Something Blue - Emily Giffin [42]
I waited for Marcus to say something more, but instead he averted his eyes to the luggage belt. "Is that your bag?" he asked me.
"Yes," I said, spotting my Louis Vuitton suitcase. "Grab it for me, please."
Marcus leaned down and heaved it from the belt. "Sheesh," he said under his breath, the fourth comment he had made about my over-packing since we had left the city.
"Oh, Marcus, let me," my dad said, reaching for my bag.
Marcus shrugged and gave it to him. "If you insist."
I cringed, wishing he had protested at least once.
"So that's it, Daddy. Marcus just has his carry-on bag," I said, glancing at his nasty pea-green satchel with a frayed strap and some defunct Internet logo emblazoned on the side. I saw my father take it in too.
"Okeydokey. We're off," my dad bellowed, rubbing his hands together vigorously. Then, as we found his BMW in the parking garage, he told us of his speeding ticket on the way over. "Was only going seven over."
"Daddy, was it really just seven?" I asked.
"Cross my heart. Seven over. Marcus, the cops in this town are relentless."
"That's what I told you in high school!" I said, hitting his arm. "A lot of good that excuse ever did me."
"Drinking vodka in the Burger King parking lot at sixteen? That is hardly what I'd characterize as overzealous police work." My dad chuckled. "Marcus, I have a lot of stories to tell you about our girl here."
Our girl. It was a big concession. That combined with his chipper mood on the heels of a ticket was only further proof of his determination to like my new boyfriend.
"I can only imagine," Marcus said from the back seat, his voice detached, bored. Was he was missing my dad's cues, or was he simply unwilling to go along with the jovial routine?
I glanced back at him, but his face was in shadow and I couldn't read his expression. For the rest of the ride home, Marcus said virtually nothing despite plenty of effort from my father.

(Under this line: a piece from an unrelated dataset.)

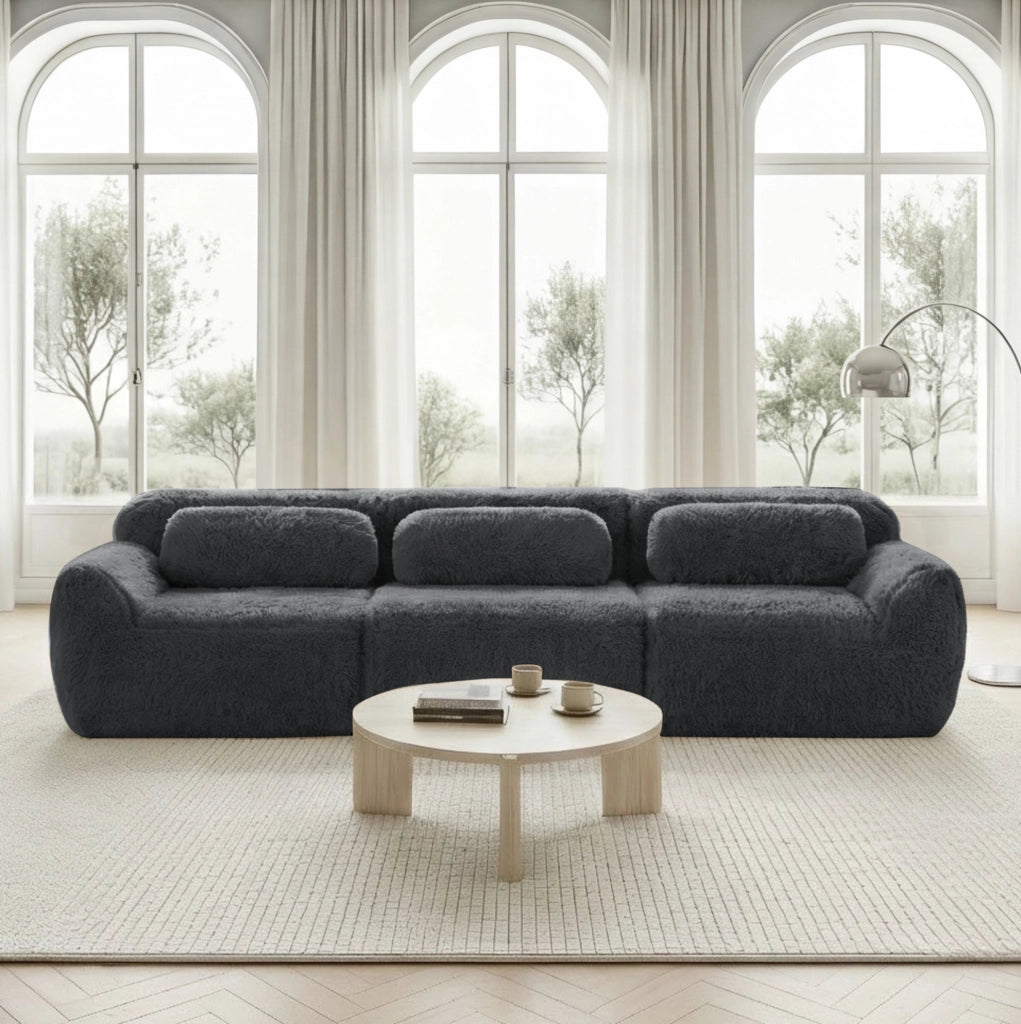 Divano modulare 3 posti in tessuto plush grigio; 291x104x73 cm; senza montaggio con base antiscivolo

As we pulled into our cul-de-sac, I pointed out Rachel's house to Marcus. He made an acknowledging sound.
"Are the Whites away?" I asked my father, noticing that all of their lights were out.
He reached over and squeezed my knee with one hand and then clicked our garage door opener with the other. "No. They're around, I think."
"Maybe they knew I was coming home and couldn't bear to face me," I said.
"Just remember, it's not their fault," my dad said. "It's Rachel's."
"I know," I said. "But they did raise a traitor."
My dad made a face as if to say, "Fair point."
"Think Mom will mind if we go in through the back way?" he asked me. My mother believes that visitors should always be brought through the front door—not that Marcus would ever notice the difference.
Sure enough, my mom peered into the garage and whispered, as if Marcus and I couldn't hear her, "Hugh, the front door."
"The kids have bags," he said.
My mother forced a smile and said in her turbocharged, company voice, "Well then, come in! Come in!" As always, she was in full makeup—she put her "face" on even to go to the grocery store. Her hair was swept up in a jeweled clip I had bought for her at Barneys, and she was dressed in ivory from head to toe. She looked beautiful, and I was proud for Marcus to see her. If he subscribed to the whole "a daughter will end up looking like her mother" notion, he had to be exceedingly pleased.
Marcus and my father fumbled with our bags, maneuvering them between our car and the lawnmower as my mom lectured my father about pulling the car in too far to the left.
"Dee, I'm perfectly centered," he said, agitation creeping into his voice. My parents bickered constantly, more with every passing year, but I knew that they would stay together for the long haul. Maybe not for love, but because they both liked the image of the proper home—the good, intact family.